There have been claims that with the expansion of the Internet books will become redundant, but I am not convinced. Yes, the Internet does amaze me with the vastness of its resources and the speed of its access. While researching a simple topic, I found so much information that it was impossible to read it all. Whole chapters of relevant books were there, as well as articles, transcripts, court cases and speeches. As a research tool the Internet is superb, but nothing will replace a book. You cannot curl up on the couch on a rainy afternoon with a computer screen. You cannot read it in bed or in the bath. You can print the article, but it still does not have the ease of portability and the sheer readability of a book.

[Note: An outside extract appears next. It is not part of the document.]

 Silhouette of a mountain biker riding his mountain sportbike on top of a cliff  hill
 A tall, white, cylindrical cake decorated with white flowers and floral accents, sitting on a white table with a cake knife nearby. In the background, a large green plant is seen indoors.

Therefore, I am worried by an absence in the USE Consultants report of reference to reading as a pleasure and an entertainment. The description of the core business of the ACT Library Service as including "book lending" does not convey the importance of the enjoyment of books. Yes, our libraries need to be able to offer us Internet access and access to all the other multimedia developments that are occurring in this technological age, but they must never lose sight of their central purpose - to encourage, to nurture and nourish a love of reading in the population they serve, to expand our cultural horizons. This report that we have been discussing today in this MPI has several faults. There are no terms of reference. There is no pagination, making it hard to discuss the points it raises. As a result, there is no effective index. The rationale used for arriving at such things as catchment figures is not detailed. Civic library supposedly has a catchment figure of 13,564, while having loans in 1994-95 of 239,616 and visits of 306,520.